I still believe you have 45mm cylinders. 50mm wouldn't allow enough wall thickness, and 45mm is the next smaller nominal size in metric, which is what Kubota uses.

For that matter, even sae, it wouldnt be something odd like 1-7/8. It's gonna be a nominal size, like 1-3/4".

Second.....both Kubota loaders that I have owned, and had gauges on, it takes about 600psi JUST to lift the loader frame and empty bucket. So that only gives you about 1000psi to lift your load.

So figure it with 1.77" cylinders and 1000psi and I'd bet you would be right on the mark.

I think you have just come to the realization that many on here overlook....and that is that a loader is alot stronger down low. Too many people only look at lift spec to max height, and overlook the breakout force rating. Which is what it can lift down low like digging out of a pile of dirt.

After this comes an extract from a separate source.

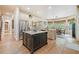 Bright, modern kitchen with large island, stainless appliances, and breakfast nook at 106 Stephens Farm Dr, Canton, GA 30115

Many people often mis-understand this and claim there loader is "underrated". When in fact people are just looking at the wrong ratings for what they are doing.
 
   / Calculating FEL Lift Capacity
  • Thread Starter
#20  
I believe you are correct on the metric size cylinders with 45mm probably spot on.
Here's one of many FEL spec charts showing the various nomenclature:
Farm King - Front-End Loaders
The "breakout force" seams to be misunderstood in some cases.